Stel je deze maar voor als kleuren. Hoe vager de kleur des te lichter de emotie. De prettige emoties worden als pastelkleuren opgeslagen en de negatieve als hele felle kleuren. De meest angstige emotie is dan knalrood.
Als gebeurtenissen te heftig voor je zijn, dan is de kleur van deze code zo fel rood dat er een kortsluiting in je hersenen ontstaat. De stoppen slaan als het ware door. Je onderbewustzijn heeft natuurlijk geen stoppen, maar wat er wel gebeurt is dat het proces van (zintuiglijke) gegevens verwerken anders verloopt dan normaal.
Het vervelende daarbij is dat je die heftige gebeurtenis, of een deel daarvan, later – let op! – niet meer spontaan kunt herinneren. Laat staan opschrijven. Terwijl het wel in je onderbewustzijn ligt opgeslagen. En daar zit de crux.
Ineens kan deze ‘stoorzender’ door nieuwe binnenkomende prikkels opspelen en een onaangenaam gevoel veroorzaken in je lichaam, zonder dat je – let op – dan bewust weet waar dit vandaan komt. Sterker nog; ze passen totaal niet bij datgene wat je op dat moment meemaakt. Als dit regelmatig voorkomt én langdurig aanhoudt, kunnen ze (soms pas jaren later) allerlei gezondheidsklachten veroorzaken.
Daarom is en blijft het zo belangrijk en nuttig om te begrijpen hoe ons brein werkt, maar nog belangrijker hoe ons brein onze fysiologie bestuurt. Het bepaalt alles wat je voelt, wat je vervolgens doet, wat je denkt, wat je vindt, wat je beslist, wat (en hoe) je beweegt, wat je zegt en nog veel meer.
Dat is dus niet niks.
Ben je het met me eens dat het absoluut de moeite waard is om daar dieper in te duiken?
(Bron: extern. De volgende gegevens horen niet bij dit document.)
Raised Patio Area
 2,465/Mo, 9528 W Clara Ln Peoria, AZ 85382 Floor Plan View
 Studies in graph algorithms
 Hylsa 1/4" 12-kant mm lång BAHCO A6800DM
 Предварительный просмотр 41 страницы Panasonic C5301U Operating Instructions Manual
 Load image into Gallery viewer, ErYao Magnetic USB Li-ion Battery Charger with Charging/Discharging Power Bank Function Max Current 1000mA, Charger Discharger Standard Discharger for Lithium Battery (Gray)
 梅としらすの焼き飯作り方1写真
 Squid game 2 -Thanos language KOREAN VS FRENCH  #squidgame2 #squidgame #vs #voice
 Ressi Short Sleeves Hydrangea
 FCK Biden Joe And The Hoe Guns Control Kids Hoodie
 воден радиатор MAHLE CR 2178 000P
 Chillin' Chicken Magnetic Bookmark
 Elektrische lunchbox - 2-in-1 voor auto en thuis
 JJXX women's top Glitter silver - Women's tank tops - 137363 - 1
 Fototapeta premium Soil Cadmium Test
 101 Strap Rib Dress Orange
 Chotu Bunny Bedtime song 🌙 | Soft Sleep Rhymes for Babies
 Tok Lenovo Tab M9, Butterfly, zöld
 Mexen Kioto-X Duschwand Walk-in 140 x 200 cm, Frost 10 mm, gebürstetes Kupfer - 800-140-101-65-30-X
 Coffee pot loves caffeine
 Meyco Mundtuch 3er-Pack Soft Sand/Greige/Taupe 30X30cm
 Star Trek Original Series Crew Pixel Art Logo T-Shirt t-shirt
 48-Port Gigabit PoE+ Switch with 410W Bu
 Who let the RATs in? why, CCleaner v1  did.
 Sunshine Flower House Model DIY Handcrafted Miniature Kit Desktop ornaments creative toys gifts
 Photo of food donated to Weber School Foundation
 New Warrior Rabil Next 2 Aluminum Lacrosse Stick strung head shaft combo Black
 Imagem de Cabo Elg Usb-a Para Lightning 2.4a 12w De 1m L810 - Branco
De kennis van de zintuigelijke gegevensverwerking van het (onderbewuste) brein tijdens – voor jou – buitengewone emotioneel ingrijpende gebeurtenissen en de consequenties daarvan voor je gedrag, je presteren en last but not least je gezondheid geven ons de mogelijkheid om ‘anders vast te houden’. Om de leefwereld van mensen leidend te maken en de wereld van regels, protocollen en processen, de zgn. systeemwereld daaraan ondersteunend te laten zijn. Maar niet andersom, want dat leidt bewust of onbewust tot ziektewinst en dat kent uiteindelijk alleen verliezers.
Begrip van de taalregels van het brein biedt perspectief op gezond worden, weer kunnen genieten van het leven en van kinderen en kleinkinderen. Daarmee kunnen we professionals aan boord houden en voorkomen dat ze hun droombaan voortijdig vaarwel (moeten) zeggen.